気温はさらに下がり、紅葉は終わりかけ、秋枯れになりかけた山々の景色が迫る。
ここでも速度を押さえ気味に、4台で走っていると、後ろからかなり速い四輪が追いついてきた。
打ち合わせをしたわけではないのだが、しんがりはまささんが勤めてくれている。
直線では車間を空けた千鳥隊列を組んで走っている我々は、
私のGPZが右、次のkaoriさんのZⅡが左、さんにーさんのFZRが右、しんがりまささんのNinjaが左、のフォーメーションだったのだが、ここでまささんが右気味に進路を変更、後ろの車へのストッパーになって前の3台を守ってくれている。
しかし、たとえこちらが交通法規上に理があるとしても、空いた郊外の気持ちのいい道で、いつまでもフタをするのは、大人のライダーとして気持ちのいいことではない。
状況を見て、見晴らしのいい直線部分で、先頭の私が左により、車を流すことにした。
何の打ち合わせもしていないのに、さんにーさんも反応、左に寄り、それを確認したまささんが左によって車線を広く開け、後ろの四輪に道を譲る。
四輪はきれいに加速し、我々の横を抜けていく。
抜かれざまに見ると、シルビアだった。
シルビアはお礼のハザードを2回点滅させて、加速して消えていった。
きれいな抜かれ方は、抜かれた方も気持ちいい。
なんの打ち合わせもなく、サインもなく、追い抜かせのフォーメーションが一発で決まった。
これも、楽しい。
以心伝心の走りの妙味。
思わずにやりとしてしまう瞬間だ。
今思い出してみると、この時のメンバー、相当に「速い」人たちだったのでした。
私が先頭で、その日は徹頭徹尾、ゆっくり走ったのです。
バイクでのツーリングは、バイクならではの機動力を生かしたものにしたいもの。
しかし、例えば、写真のような黄色ラインの国道では、あまり騒々しい走りは控えたいところでもあります。
いつでも、何が何でもスロー一辺倒…というのでは、バイクに乗っている感じがしない。でも、速くはしることを強いられるような状態は危険だし、面白くもない。
場合によって、使い分けていきたいものだと思います。
さて、上記のフォーメーション。
記事にあるように、何の打ち合わせもなく、また、追い越させることもある…とは想定もしていない状況での一発以心伝心コミュニケーションでした。
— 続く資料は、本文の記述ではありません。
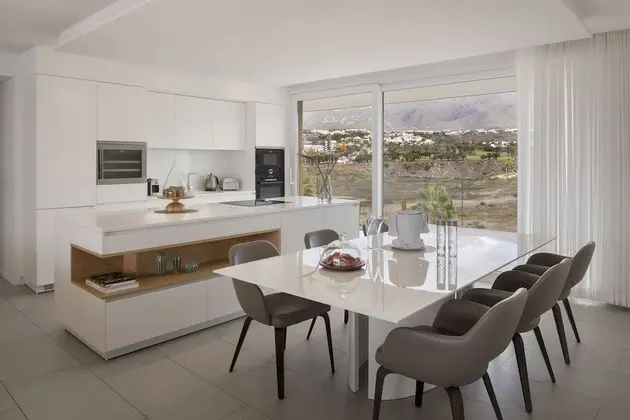 Süit, 2 Yatak Odası, Kişiye Özel Havuzlu (Penthouse)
いや、以心伝心と言っても、その動きの中にサインが込められているのです。
それを相手の発進と受け止められるかどうか。また、相手が受け取ってくれると信じて、サインを出せるかどうか、そのあたりは、一緒に走っての「感覚」だけが頼りです。
今回のメンバーは、2輪のベテランと、2輪は当時初心者でも4輪ではラリードライブ並の技術を持つ人の集まり。つまり、後ろから迫ってきている4輪の気持ちや、オーラが感じ取れる人ばかりでした。
我々は今、気色を見ながらのんびりゆっくり流している。しかし。空いた道、ハイスピードで山道を走り抜けたいシルビアの気持ちはよく分かる。で、あれば、安全で適当な場所を見つけて、早く道を譲り、前へ出そう…、と、ペースは違っても、互いを認め合う路上のコミュニケーション。
バイクでも今は無線がかなり使えるようになってきましたが、私たちはその装備もなく、言語のコミュニケーションが互いにできない状態。それでも、互いの走りの様子や、呼吸感を読み取って、一発で決める追い越されのフォーメーション。
とても気持ちのいい瞬間でした。
また、そうしたことが、打ち合わせなしに共有できる仲間と出会えたことに、感謝した一日でした。